Он придвинул к ним стулья, сам тоже сел и сказал:
— Чем обязан подобной чести?
— У тебя здесь была поножовщина в начале января, — сказал Колльберг. — Некий Матссон.
— Да, верно. Припоминаю. Дело закрыто, потому что прокурор решил не подавать иск.
— Что, собственно, произошло? — спросил Мартин Бек.
— Ну, что произошло, то и произошло. Момент, я схожу за протоколом.
Мужчина по фамилии Баклунд ушел и вернулся через десять минут с переплетенным протоколом, выглядевшим весьма объемисто. Он несколько секунд полистал протокол. Видно было, что протокол нравится Баклунду и что он до сих пор гордится им. Наконец он сказал:
— Лучше всего будет, если мы начнем с самого начала.
— Мы хотим получить всего лишь некоторое представление о том, как это произошло, — сказал Колльберг.

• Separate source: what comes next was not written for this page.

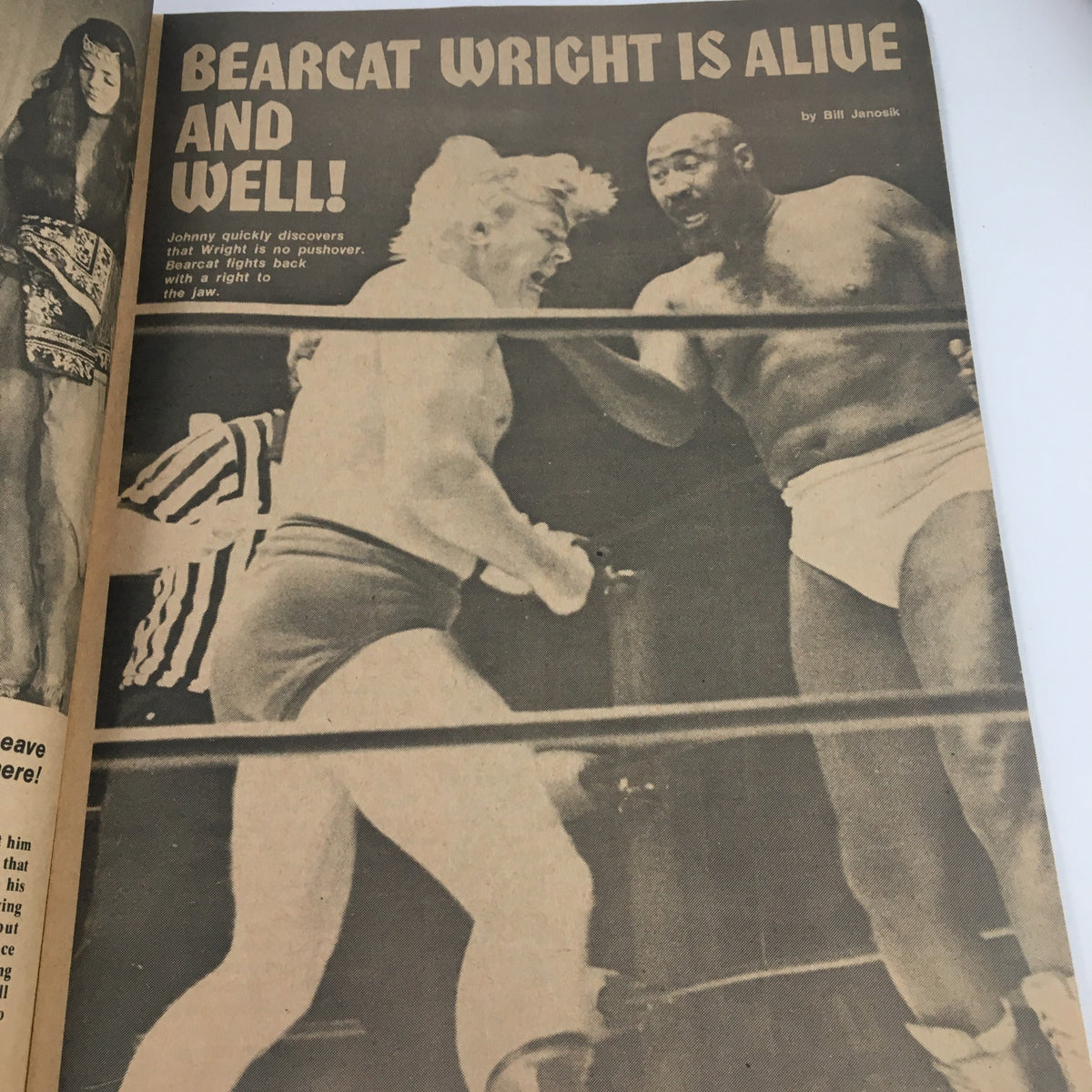 Wrestling Guide October 1974 Ivan Putski, Bearcat Wright & Tex McKenzie showing Bearcat Wright engaged in an intense wrestling match.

— Да, я понимаю. Шестого января текущего года в один час двадцать три минуты экипаж патрульного автомобиля, который в это время как раз проезжал но Линнегатан в Мальмё, в составе полицейского Кристианссона и полицейского Кванта получил приказ по рации отправиться по адресу Свеагатан, двадцать шесть, в Лимхамне, где один гражданин получил колотую ножевую рану. Кристианссон и Квант немедленно отправились в указанное место, куда прибыли в один час двадцать девять минут. По указанному адресу они обнаружили раненого, который сообщил, что он Альф Сикстен Матссон, журналист, проживает в Стокгольме по адресу: Флеминггатан, тридцать четыре. Матссон показал, что на него напал и ударил ножом Бенгт Эйлерт Йёнсон, журналист, проживающий в Мальмё по адресу: Свеагатан, двадцать шесть. У Матссона была рваная рана пяти сантиметров в длину на левой руке, и полицейские Кристианссон и Квант доставили его с целью оказания медицинской помощи в амбулаторию муниципальной больницы. Бенгта Эйлерта Иёнсона задержали и доставили в криминальную полицию Мальмё полицейские Элофссон и Борглюнд, которых позвали на помощь полицейские Кристианссон и Квант. Оба находились под действием алкоголя.
— Кристианссон и Квант?
Баклунд укоризненно посмотрел на Колльберга и продолжил:
— После оказания медицинской помощи в амбулатории муниципальной больницы Матссона также доставивили в криминальную полицию в Мальмё с целью получения свидетельских показаний. Матссон показал о себе, что он родился пятого августа одна тысяча девятьсот тридцать третьего года в Мёльндале и что он постоянно проживает…
— Момент, — остановил его Мартин Бек. — Нам не нужны такие подробности.
— Гм. Должен сказать, что человеку трудно составите себе ясное представление, если он не будет знать всего.